## Given information
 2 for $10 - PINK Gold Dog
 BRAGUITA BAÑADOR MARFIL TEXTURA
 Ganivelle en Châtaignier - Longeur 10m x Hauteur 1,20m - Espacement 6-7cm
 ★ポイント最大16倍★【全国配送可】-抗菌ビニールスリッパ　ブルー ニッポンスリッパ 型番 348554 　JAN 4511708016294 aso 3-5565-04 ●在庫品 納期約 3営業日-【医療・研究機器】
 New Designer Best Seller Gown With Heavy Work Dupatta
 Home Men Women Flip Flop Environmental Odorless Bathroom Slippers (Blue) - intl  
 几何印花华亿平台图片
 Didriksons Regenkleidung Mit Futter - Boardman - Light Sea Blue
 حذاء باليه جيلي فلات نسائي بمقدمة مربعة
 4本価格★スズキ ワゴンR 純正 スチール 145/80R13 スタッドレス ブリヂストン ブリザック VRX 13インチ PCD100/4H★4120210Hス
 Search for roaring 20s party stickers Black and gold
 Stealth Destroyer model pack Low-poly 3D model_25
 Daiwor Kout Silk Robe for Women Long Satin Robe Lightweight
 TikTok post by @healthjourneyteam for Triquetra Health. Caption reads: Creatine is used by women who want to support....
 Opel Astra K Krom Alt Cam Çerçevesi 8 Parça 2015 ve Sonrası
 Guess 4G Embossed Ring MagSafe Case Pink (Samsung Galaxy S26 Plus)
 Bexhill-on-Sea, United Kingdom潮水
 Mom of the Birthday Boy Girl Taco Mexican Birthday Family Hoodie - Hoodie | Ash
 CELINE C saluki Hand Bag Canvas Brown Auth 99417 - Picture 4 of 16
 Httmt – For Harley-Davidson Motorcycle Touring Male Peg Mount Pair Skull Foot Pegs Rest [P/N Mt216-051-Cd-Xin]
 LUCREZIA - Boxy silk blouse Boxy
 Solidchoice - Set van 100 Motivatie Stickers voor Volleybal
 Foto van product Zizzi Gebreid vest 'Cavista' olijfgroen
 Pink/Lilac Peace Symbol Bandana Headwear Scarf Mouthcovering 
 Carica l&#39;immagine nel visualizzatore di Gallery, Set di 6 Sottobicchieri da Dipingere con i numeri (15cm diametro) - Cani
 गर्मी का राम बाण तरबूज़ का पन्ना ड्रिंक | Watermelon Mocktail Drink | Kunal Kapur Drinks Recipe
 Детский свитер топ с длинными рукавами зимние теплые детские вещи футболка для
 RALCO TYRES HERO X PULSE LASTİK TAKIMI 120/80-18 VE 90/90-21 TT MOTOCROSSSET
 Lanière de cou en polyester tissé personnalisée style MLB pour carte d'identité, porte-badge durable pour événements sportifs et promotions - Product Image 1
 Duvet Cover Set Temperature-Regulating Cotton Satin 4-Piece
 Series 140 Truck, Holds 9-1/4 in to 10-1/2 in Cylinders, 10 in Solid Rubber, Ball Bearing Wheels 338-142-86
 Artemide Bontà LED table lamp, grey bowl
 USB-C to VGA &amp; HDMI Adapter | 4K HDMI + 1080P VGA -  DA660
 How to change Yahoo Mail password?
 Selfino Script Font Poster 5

## What you are asked to do
Send back exactly the lines of the listing above starting at the one with "Search for roaring" and ending at the one with "CELINE C saluki", inclusive, and no others.

## Reply
 Search for roaring 20s party stickers Black and gold
 Stealth Destroyer model pack Low-poly 3D model_25
 Daiwor Kout Silk Robe for Women Long Satin Robe Lightweight
 TikTok post by @healthjourneyteam for Triquetra Health. Caption reads: Creatine is used by women who want to support....
 Opel Astra K Krom Alt Cam Çerçevesi 8 Parça 2015 ve Sonrası
 Guess 4G Embossed Ring MagSafe Case Pink (Samsung Galaxy S26 Plus)
 Bexhill-on-Sea, United Kingdom潮水
 Mom of the Birthday Boy Girl Taco Mexican Birthday Family Hoodie - Hoodie | Ash
 CELINE C saluki Hand Bag Canvas Brown Auth 99417 - Picture 4 of 16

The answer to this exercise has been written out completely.